I have recently found out that Not Always Right (as in “the customer is not always right”) is a delightful way to spend a few hours. Originally dedicated to tales from The Retail Wars, it later expanded to include stories about people being absolutely awesome (such as the story about the child who had never had fresh fruit or the miniature Batman keeping Gotham safe) and sometimes it’s about people being the exact opposite of awesome (such as the teacher who bullied a sixth-grader for being good at math).

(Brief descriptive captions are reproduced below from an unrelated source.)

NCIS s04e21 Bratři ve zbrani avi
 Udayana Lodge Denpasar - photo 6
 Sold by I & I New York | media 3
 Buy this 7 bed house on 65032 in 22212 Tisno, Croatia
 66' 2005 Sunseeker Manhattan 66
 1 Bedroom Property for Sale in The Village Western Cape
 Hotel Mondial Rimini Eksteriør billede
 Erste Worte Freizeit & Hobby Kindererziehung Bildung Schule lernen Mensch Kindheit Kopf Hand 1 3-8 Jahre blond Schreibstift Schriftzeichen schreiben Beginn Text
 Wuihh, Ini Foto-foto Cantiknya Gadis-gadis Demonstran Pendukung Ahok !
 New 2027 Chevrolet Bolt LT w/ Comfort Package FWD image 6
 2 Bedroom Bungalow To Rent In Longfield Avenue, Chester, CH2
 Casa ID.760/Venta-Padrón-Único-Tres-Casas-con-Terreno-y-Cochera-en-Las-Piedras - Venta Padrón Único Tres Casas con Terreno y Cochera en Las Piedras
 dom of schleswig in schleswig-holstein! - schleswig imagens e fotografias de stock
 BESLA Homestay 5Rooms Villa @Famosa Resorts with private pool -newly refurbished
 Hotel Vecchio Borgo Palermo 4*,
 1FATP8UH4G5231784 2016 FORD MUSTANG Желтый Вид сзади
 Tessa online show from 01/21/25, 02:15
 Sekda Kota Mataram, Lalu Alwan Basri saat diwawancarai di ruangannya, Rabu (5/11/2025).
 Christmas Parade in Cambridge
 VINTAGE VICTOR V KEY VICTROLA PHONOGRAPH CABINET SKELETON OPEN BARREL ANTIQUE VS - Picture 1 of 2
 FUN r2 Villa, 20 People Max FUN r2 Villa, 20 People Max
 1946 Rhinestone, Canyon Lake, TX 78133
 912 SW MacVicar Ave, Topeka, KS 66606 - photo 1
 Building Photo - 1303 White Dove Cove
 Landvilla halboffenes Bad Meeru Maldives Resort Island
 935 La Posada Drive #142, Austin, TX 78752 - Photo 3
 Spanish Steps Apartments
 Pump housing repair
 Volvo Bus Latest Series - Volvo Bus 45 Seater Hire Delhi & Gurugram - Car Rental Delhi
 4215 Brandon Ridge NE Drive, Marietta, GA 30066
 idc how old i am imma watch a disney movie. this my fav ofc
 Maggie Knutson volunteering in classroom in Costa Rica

Sometimes you get a story like this one, where there’s one person being not awesome, and another person being completely awesome and also completely anonymous. I have worked retail quite a bit in the past and have seen some really egregious behavior on the part of customers. (And yes, I’ve kicked people out, and yes, I’ve watched the police drag people out. I don’t know what it is about walking into a store that gives some people such a tremendous sense of privilege.)
Here we go…
(I am cashier at a pet store. I see a man walk into the store, pick up a large and expensive coffee table book on show dogs, and get in my line. My manager has warned me, and shown me a picture of this man. He tries to convince cashiers to give him a refund for items he has just stolen. I immediately page my manager, who, unbeknownst to me, is tied up with a minor medical emergency in the back of the store.)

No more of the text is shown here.